Je m’inquiète de l’approche strictement sécuritaire qui caractérise les discussions et les textes de loi visant à renforcer la lutte contre le terrorisme. Le blocage de sites Internet sans autorisation judiciaire préalable, dont la mise en œuvre a récemment débuté en France, est un exemple clair des risques que ces mesures représentent pour les droits de l’homme, en particulier pour la liberté d’expression et le droit de recevoir et de communiquer des informations.

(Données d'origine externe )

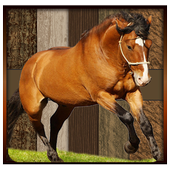 Horse Racing 3D 2016 icon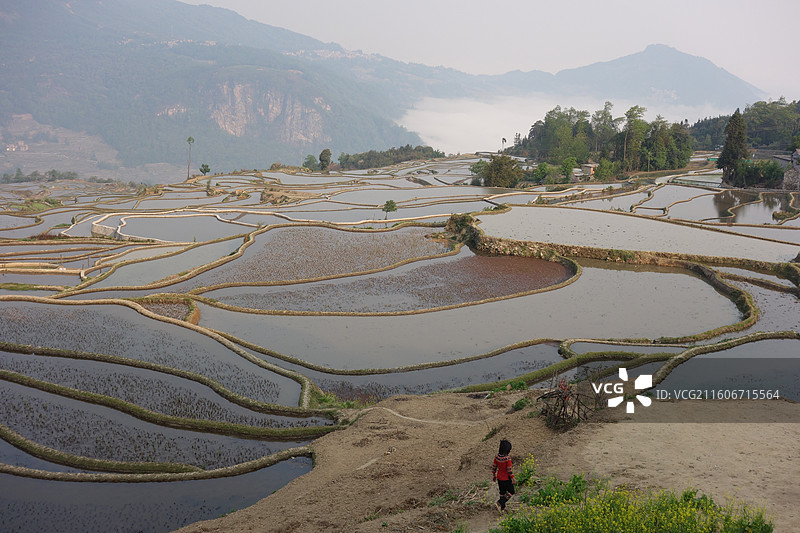 云南省红河州元阳梯田：爱春蓝梯田图片素材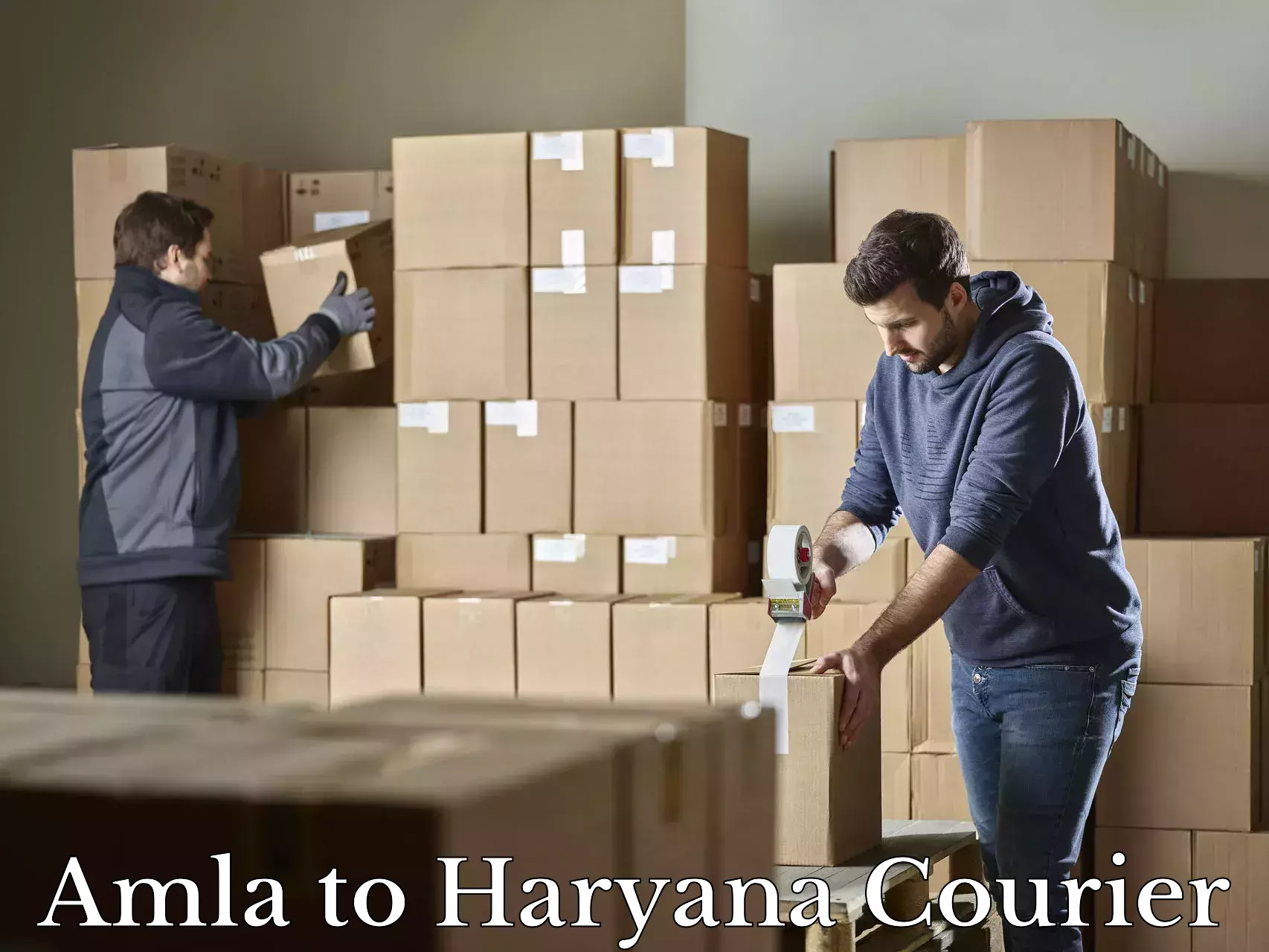 Efficient baggage courier system Amla to Gurgaon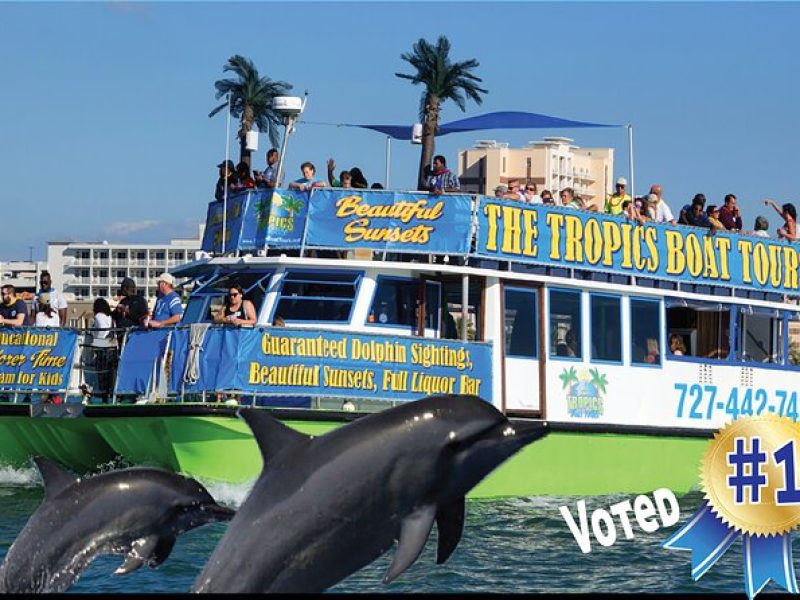 Guaranteed Dolphin Sighting Tour on Tropics Boat Tours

Je suis, en outre, très préoccupé par les propositions actuellement débattues dans plusieurs pays européens visant à renforcer les pouvoirs des services de sécurité en matière de surveillance des individus sans contrôle judiciaire préalable. Si elles sont adoptées par le législateur, ces propositions risquent d’avoir des effets liberticides et de créer un climat social néfaste, dans lequel tous les individus sont considérés comme des suspects potentiels.
Le respect de la vie privée est un droit de l’homme, auquel il ne doit pas pouvoir être porté atteinte si facilement. Les Etats ont, bien sûr, le devoir d'assurer la sécurité au sein de leurs frontières. Mais la réponse à la question de savoir comment concilier sécurité et respect des droits de l’homme doit résulter d’un débat ouvert, démocratique et tirant les enseignements de la «guerre contre le terrorisme » menée au cours de ces quinze dernières années, qui a montré que limiter des droits de l'homme afin de lutter contre le terrorisme est une grave erreur et une mesure inefficace pouvant même aider la cause des terroristes.
Ce n’est pas en réduisant nos libertés que nous augmentons notre sécurité. Les politiques qui respectent les droits de l'homme préservent les valeurs que les terroristes cherchent à détruire, affaiblissent le soutien aux mouvements radicalisés et renforcent la confiance du public dans l’Etat de droit.
C’est pour cela que j’exhorte les décideurs politiques à la plus grande prudence lors de la préparation et de l’adoption de nouvelles mesures anti-terroristes. Je les invite à s’assurer, en particulier, que ces mesures soient soumises à un contrôle démocratique efficace et que les personnes visées puissent disposer d’un recours pour les contester.